What to work on: The required answer is an exact copy of every line from the beginning of the entries through the line with "Pigeon roussard", with all pictures omitted.

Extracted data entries
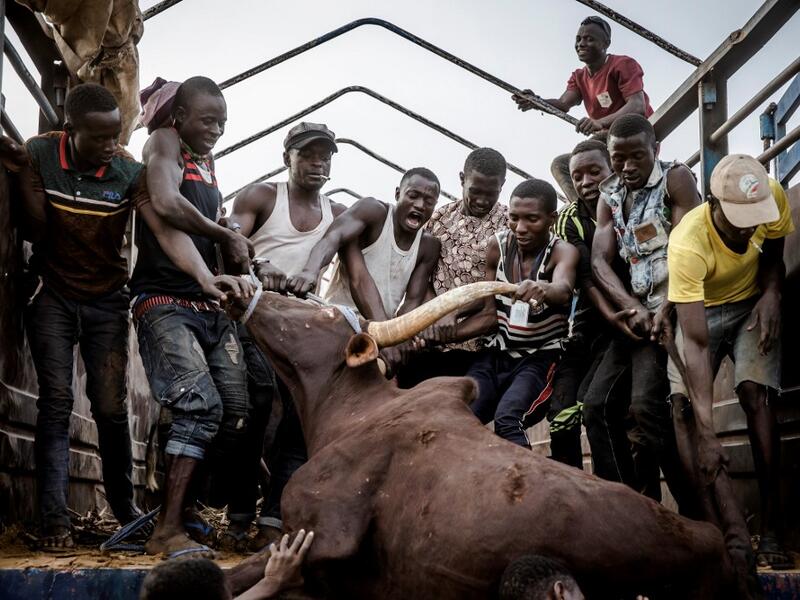 A group of men carry a heavy cow in a truck at Illiea Cattle Market, Sokoto State, Nigeria, on April 21, 2019. Illiea is the last Nigerian town before Niger's border and the cattle market is one of the largest of West Africa receiving pastoralist nomads from several countries in the region. Luis TATO / AFP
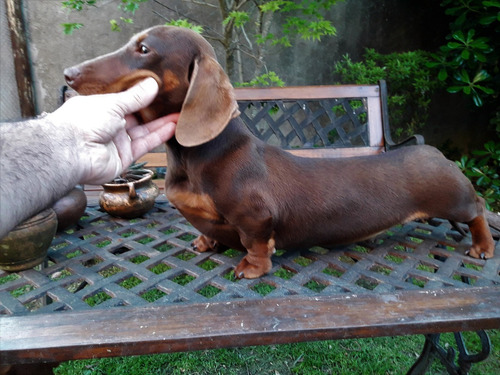 Dachshund Mini Con Pedigrí Salchichas Mini Machos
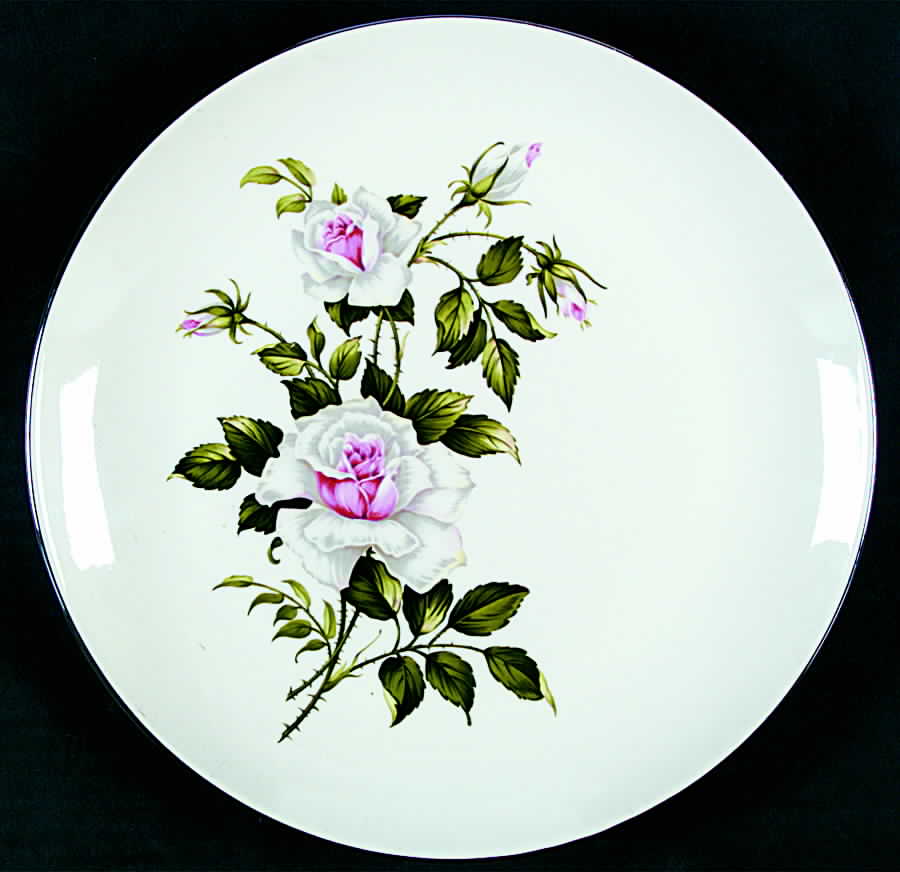 RY353 Dinner Plate by Homer Laughlin -1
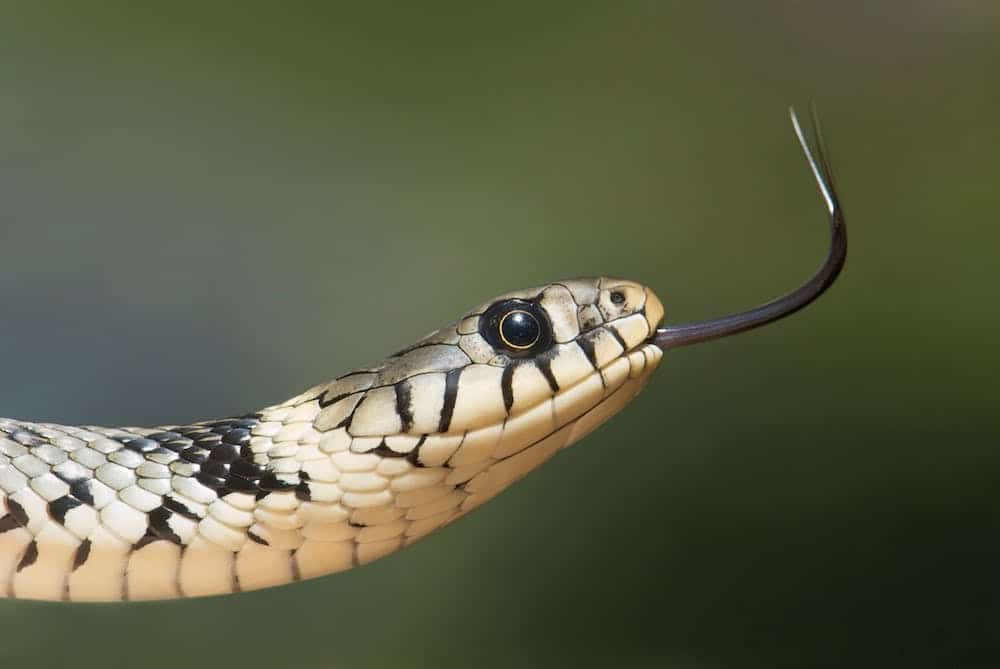 Pet insurance for snakes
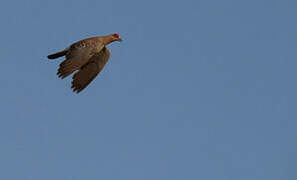 Pigeon roussard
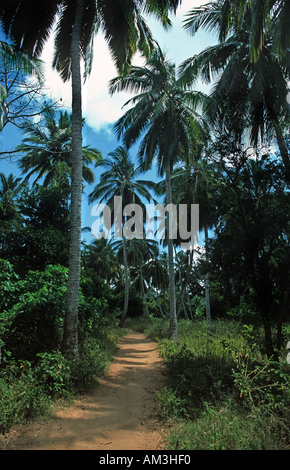 Percorso attraverso gli alberi di palme Chole island Chole risiede nell'Oceano indiano accanto alla mafia island Tanzania Africa orientale Foto Stock
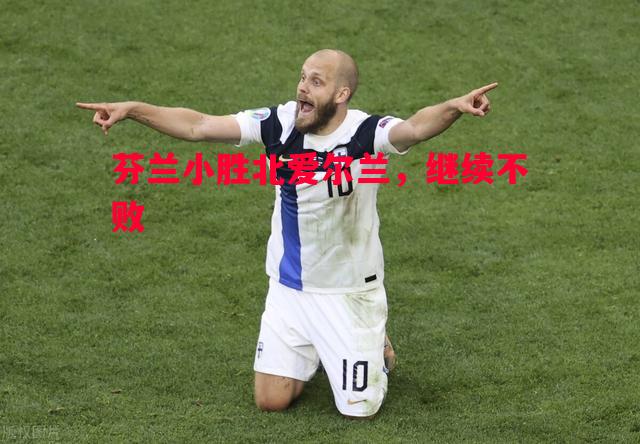 芬兰小胜北爱尔兰，继续不败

Response box:
 A group of men carry a heavy cow in a truck at Illiea Cattle Market, Sokoto State, Nigeria, on April 21, 2019. Illiea is the last Nigerian town before Niger's border and the cattle market is one of the largest of West Africa receiving pastoralist nomads from several countries in the region. Luis TATO / AFP
 Dachshund Mini Con Pedigrí Salchichas Mini Machos
 RY353 Dinner Plate by Homer Laughlin -1
 Pet insurance for snakes
 Pigeon roussard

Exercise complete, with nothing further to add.